Australia, Washington’s staunchest ally in the Asia Pacific region, would not participate in such a venture, its defense officials said, adding that a blockade could not be successful and could serve to persuade disenchanted American friends in the Asia Pacific to pivot toward China.A scenario where the Pentagon refuses orders of the commander in chief and then works with allies in Congress to remove him is not far-fetched.
One thing is certain, the Masters of the Universe, the 0.1%, are nervous. "Elites Eying the Exits Signals America's Crisis," by Robert Johnson, was posted yesterday on Naked Capitalism:
Yves here. A former private equity partner mentioned the New Yorker story on 0.1% bunkering. He noticed how they focused on the private jet pilot as a point of vulnerability, that he might fly his family out and leave them stranded. So the approach is to assure him that his relatives get seats on the plane too.
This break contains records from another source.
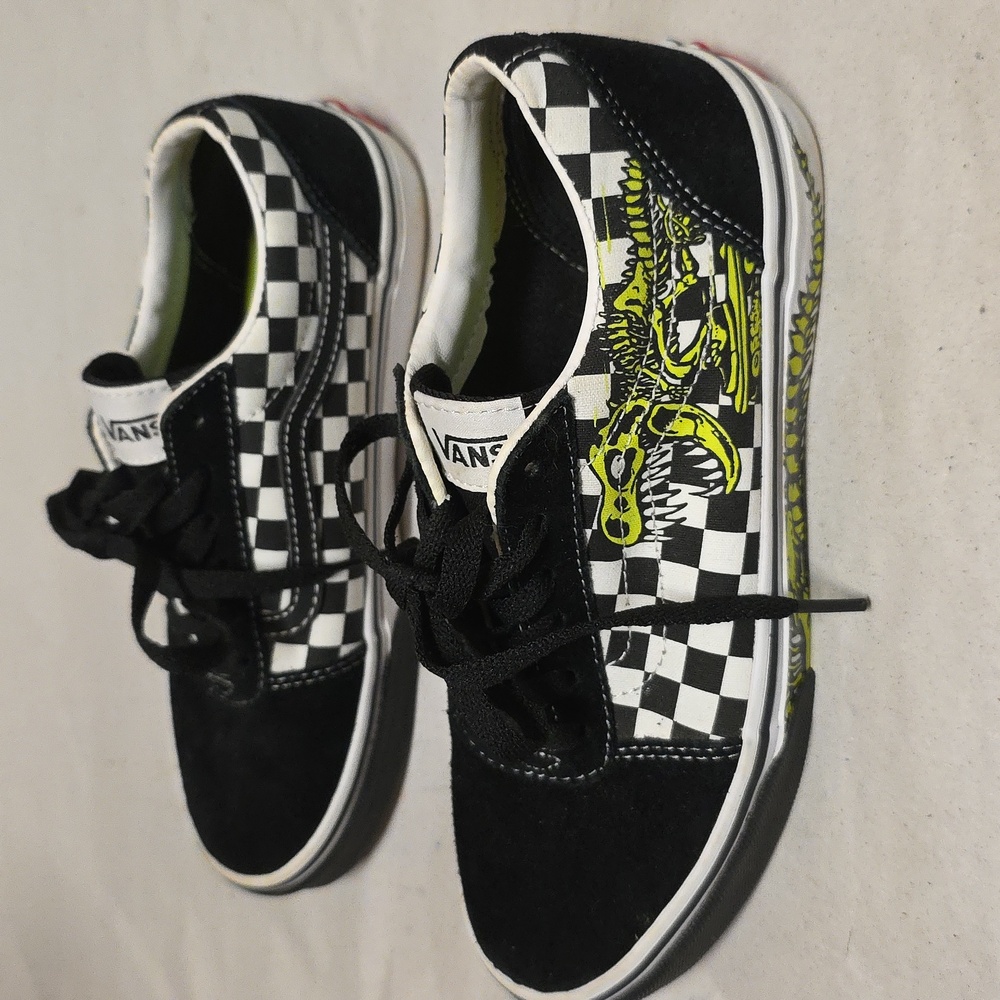 Vans Ward Dino Checkerboard T Rex Old Skool Low Skate Shoes Sneakers Size 5y - Picture 6 of 12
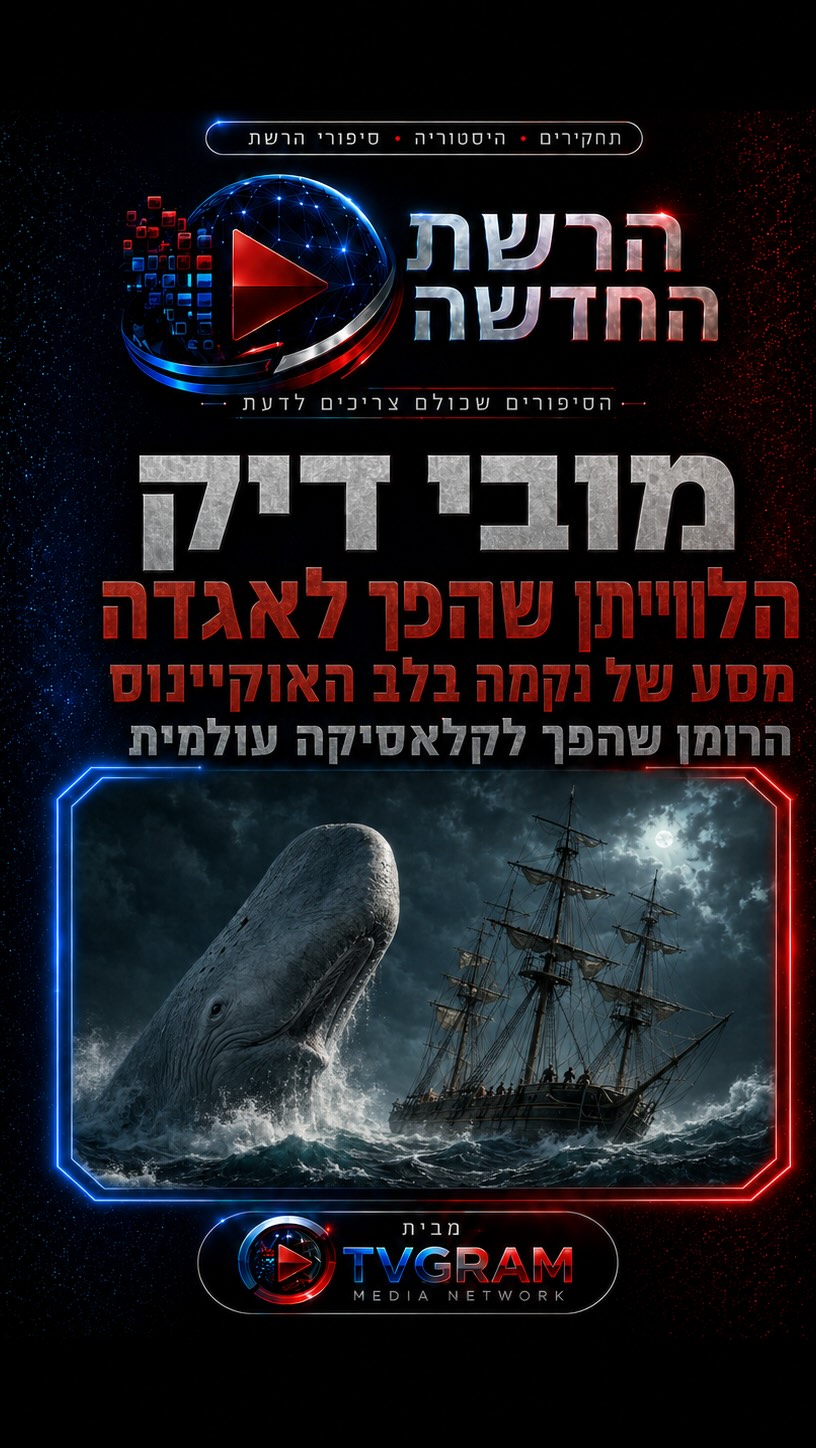 ⁨ הלווייתן הלבן שהפך אגדה… והקפטן שרדף אחריו עד הסוף המר....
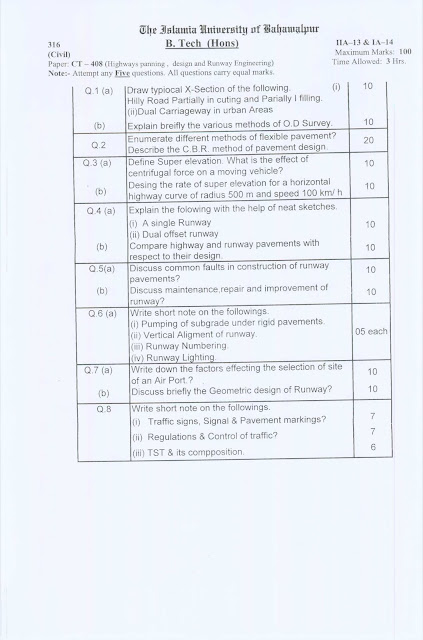 Old Question Paper B.Tech (Pass) Civil, Highways Panning, Design and Runway Engineering, Supply 2013 and Annual 2014 of The Islamia University of Bahawalpur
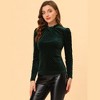 INSPIRE CHIC Women's Metallic Shiny Dots Ruffle Neck Long Sleeve Vintage Velvet Blouse - 2 of 4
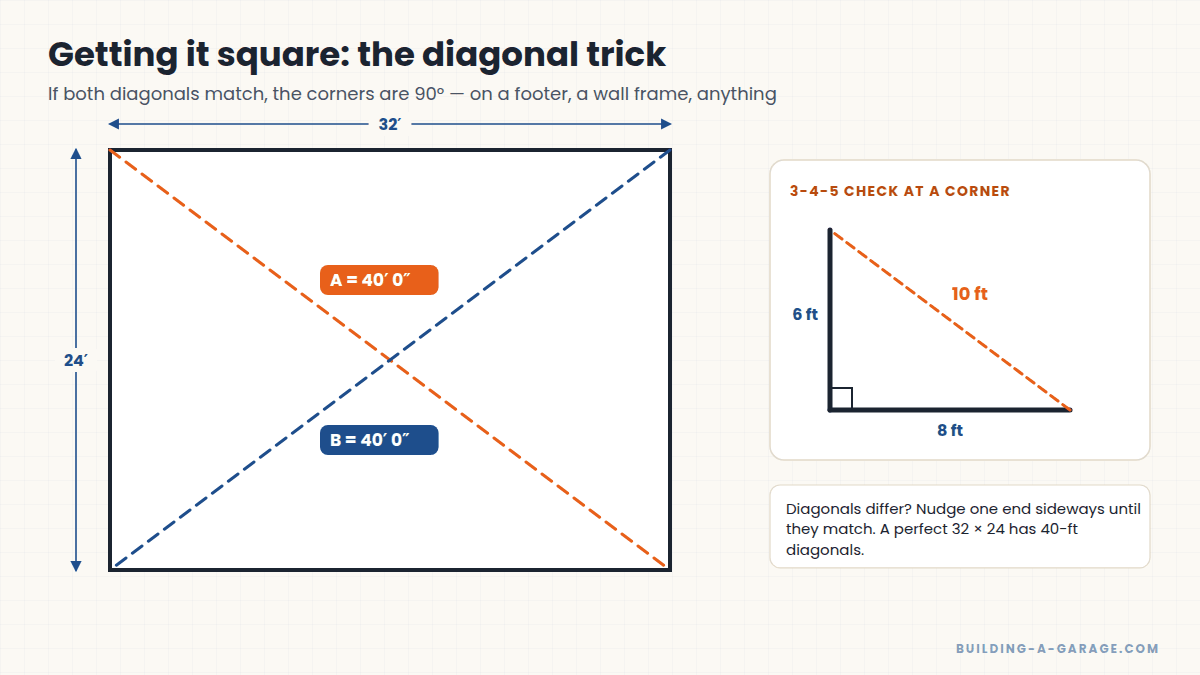 Diagram showing how to square a foundation or wall by measuring equal diagonals and using the 3-4-5 rule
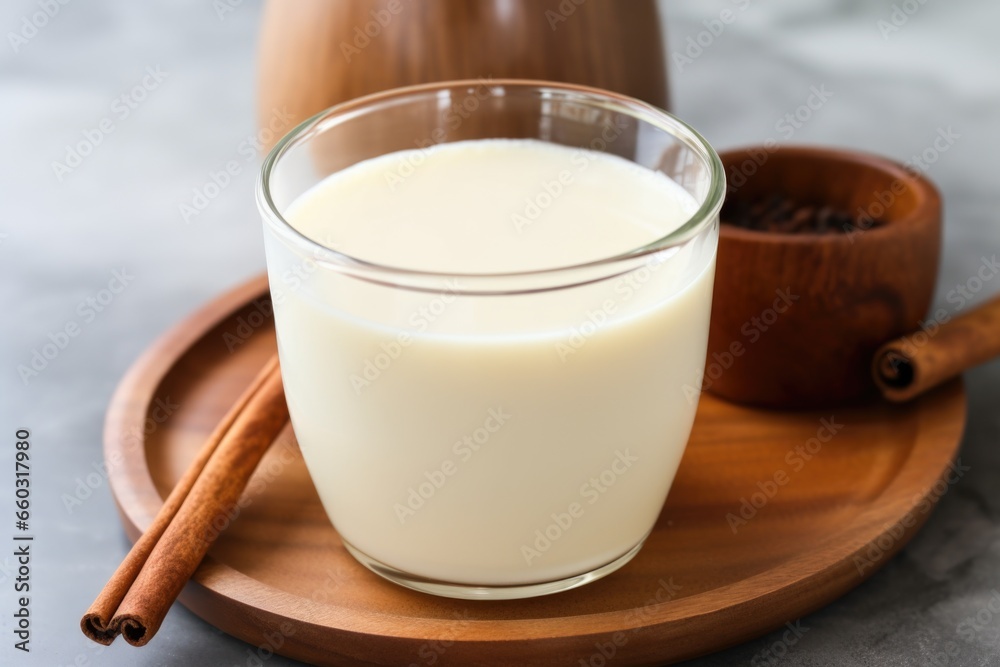 homemade horchata in a clear jug with condensation on outside homemade horchata in a clear jug with condensation on outside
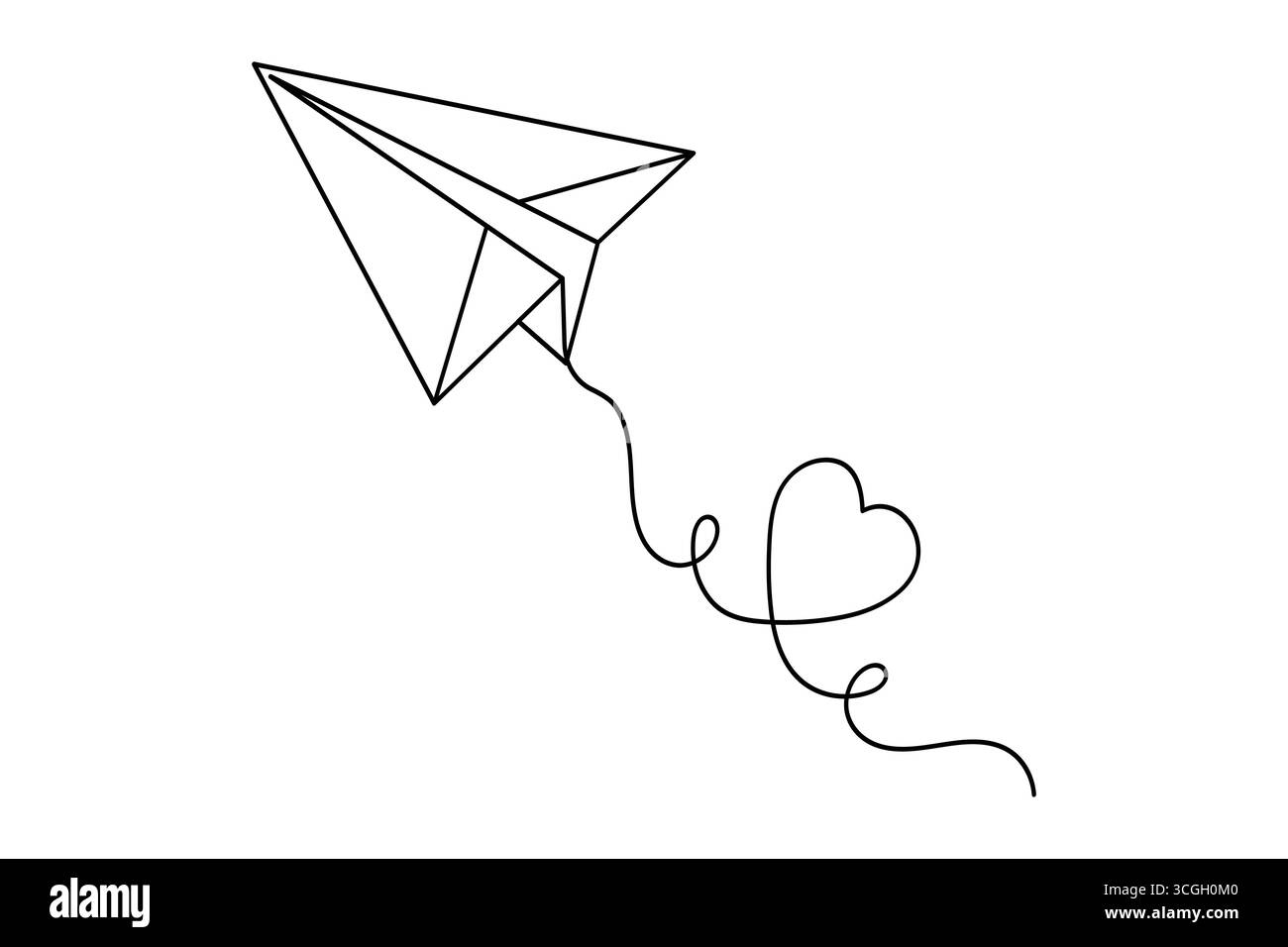 L'icona del piano di carta delinea minimalista una linea astratta disegno immagine pulita isolata Illustrazione Vettoriale
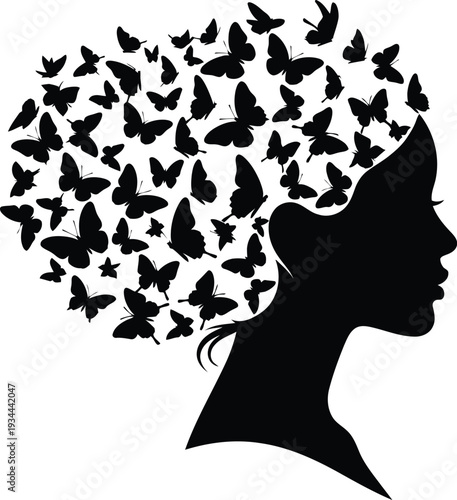 Butterfly effect silhouette for a women, womens day special 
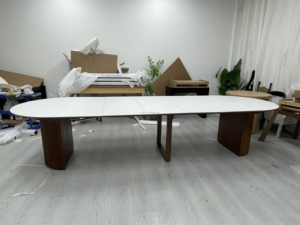 Tavolo da Pranzo Allungabile Salvaspazio in Legno Massello 46cm-3m, per Caffè e Feste, Produzione Foshan 2026 - Product Image 6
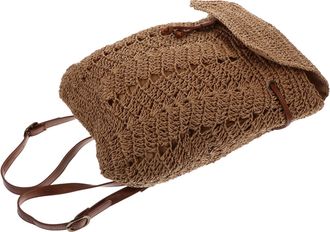 Kesyoo Womens Woven Straw Bag Backpack and Shoulder Bag Multifunctional Medium Size Light Brown Suitable for Beach and Summer Bag Lightweight and Breathable 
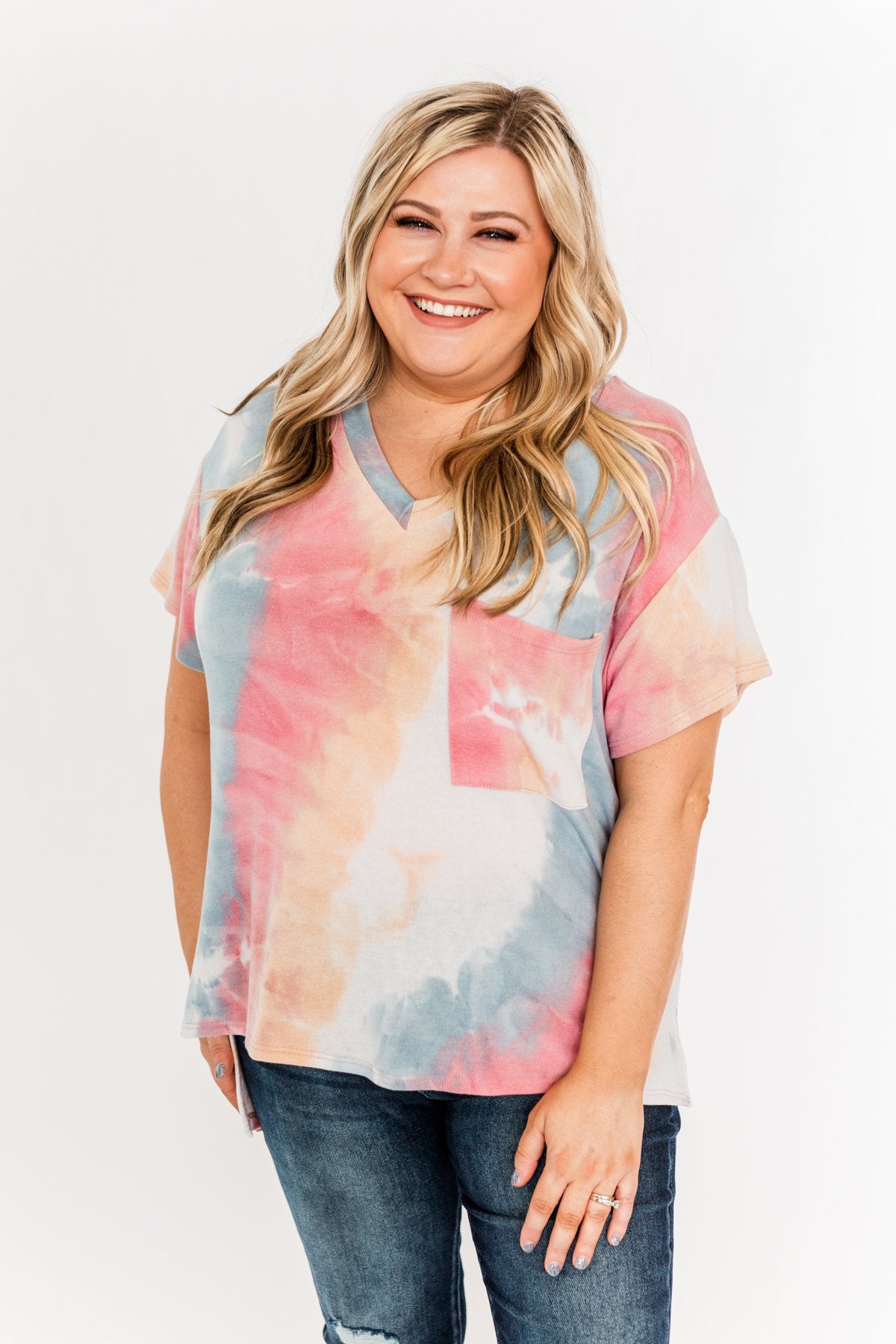Living In Color Tie Dye Pocket Top- Pink, Light Orange, Blue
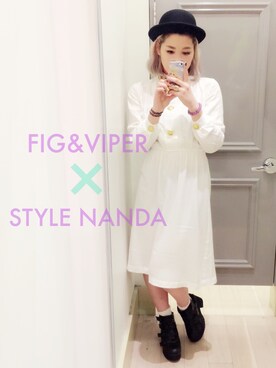 「FIG&VIPER（フィグアンドバイパー）のアイテム（ワンピース/ドレス）」を使った、アンジェさん（レディース・163cm）の春コーディネート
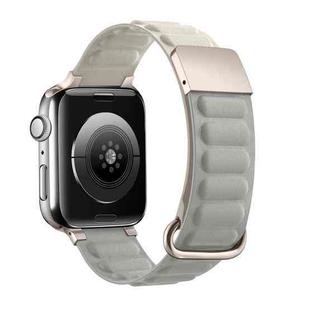 Magnetic Reverse Buckle Watch Band For Apple Watch Series 8&7 41mm / SE 2&6&SE&5&4 40mm / 3&2&1 38mm(Starlight Grey)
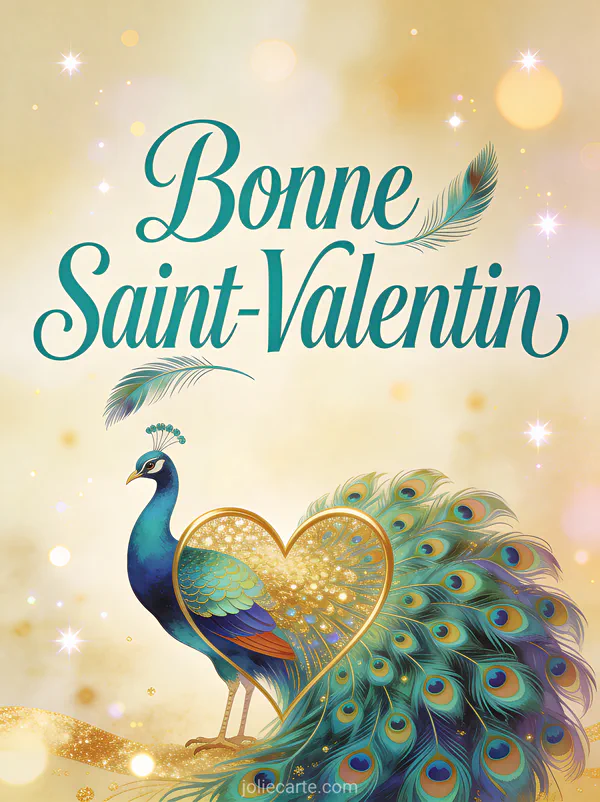 Souhaiter Bonne Saint-Valentin à une Amie avec paon aux plumes iridescentes déployées en forme de cœur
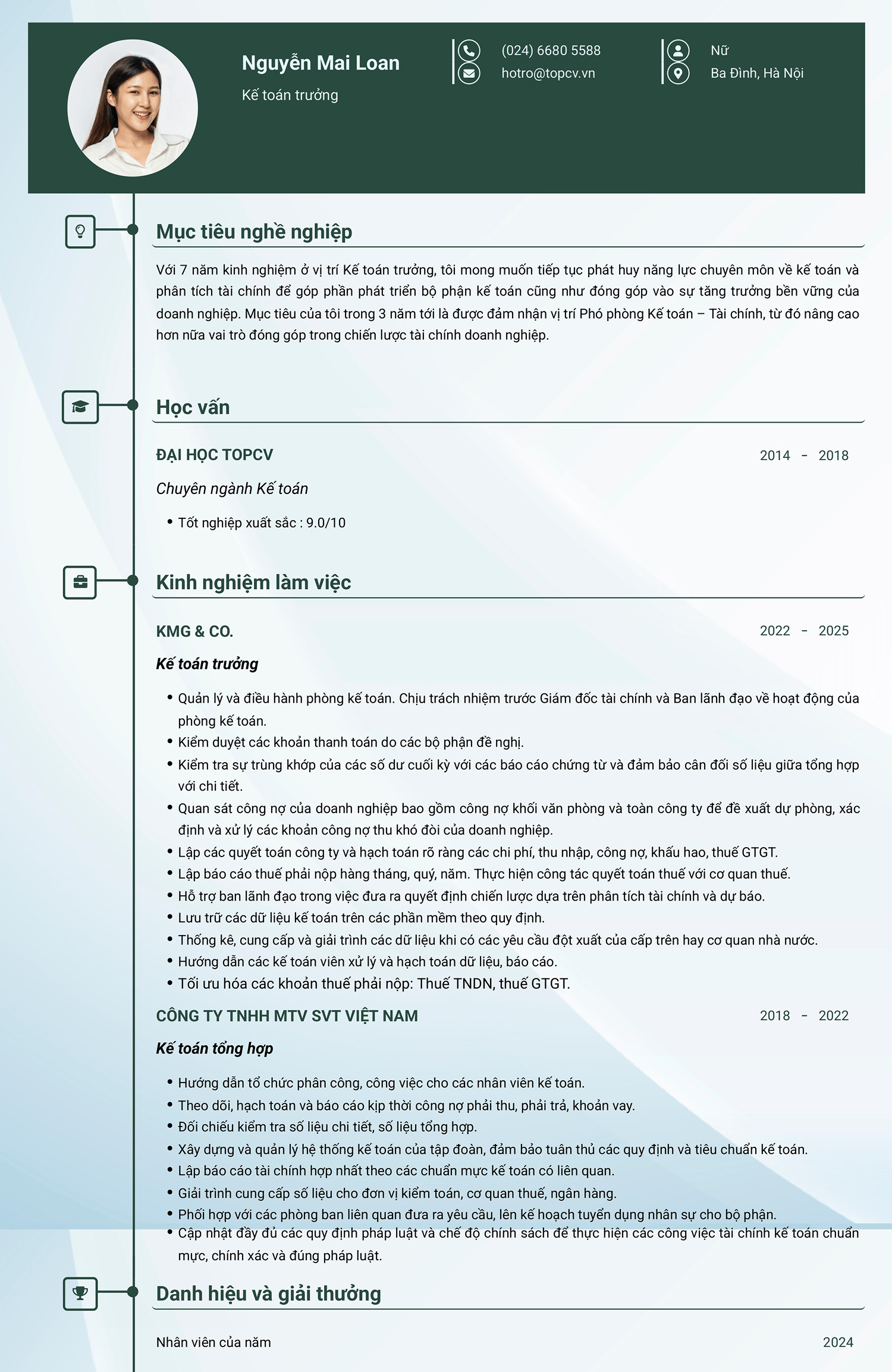 cv xin việc kế toán trưởng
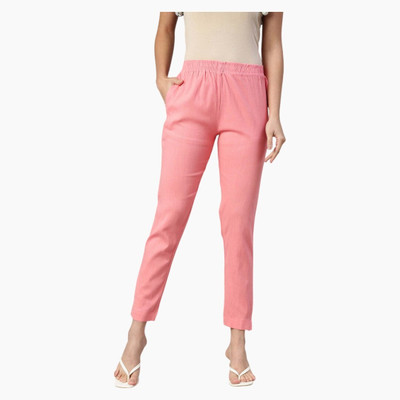INDIANRANG Regular Fit Women Pink Trousers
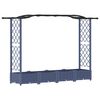 vidaXL Pat Ridicat cu Trellis și Acoperiș Gri 207 x 40 x 126 cm PP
Originally published at the Institute for New Economic Thinking website
Interviewed as part of an extraordinary New Yorker investigation into growing anxiety among America’s corporate elite over the potential for anarchic social collapse, Institute President Robert Johnson saw his peers’ talk of bolt-holes in New Zealand as reflecting a deeper crisis.
Johnson told writer Evan Osnos of the mounting anxiety he had encountered among hedge-fund managers and other wealthy Americans he knew. “More and more were saying, ‘You’ve got to have a private plane,” Johnson said. “You have to assure that the pilot’s family will be taken care of, too. They have to be on the plane.’ ”
Osnos writes: “By January, 2015, Johnson was sounding the alarm: the tensions produced by acute income inequality were becoming so pronounced that some of the world’s wealthiest people were taking steps to protect themselves. At the World Economic Forum in Davos, Switzerland, Johnson told the audience, ‘I know hedge-fund managers all over the world who are buying airstrips and farms in places like New Zealand because they think they need a getaway.’ ”
Johnson bemoaned the lack of a “spirit of stewardship” and openness to more aggressively redistributive tax policy among the wealthy.
“Twenty-five hedge-fund managers make more money than all of the kindergarten teachers in America combined,” he told the New Yorker. “Being one of those twenty-five doesn’t feel good. I think they’ve developed a heightened sensitivity.”
If anything, Osnos wrote, inequality is widening, noting recent statistics from the National Bureau of Economic Research that showed that while incomes for the top 1 percent of Americans have nearly tripled, half of the population was earning at the same level they did in 1980, comparing America’s wealth gap to that seen in the Democratic Republic of Congo.
“If we had a more equal distribution of income, and much more money and energy going into public school systems, parks and recreation, the arts, and health care, it could take an awful lot of sting out of society,” Johnson said. “We’ve largely dismantled those things.”
He saw elite anxiety as an indicator America’s social crisis.
“Why do people who are envied for being so powerful appear to be so afraid?” Johnson said. “What does that really tell us about our system? It’s a very odd thing. You’re basically seeing that the people who’ve been the best at reading the tea leaves—the ones with the most resources, because that’s how they made their money—are now the ones most preparing to pull the rip cord and jump out of the plane.”Trump is a manifestation of end times. When it becomes apparent that he is a lens magnifying end times, hastening their arrival, rather than punting them downfield for another decade or two, the GOP in Congress will abandon him. But by that time it will be too late.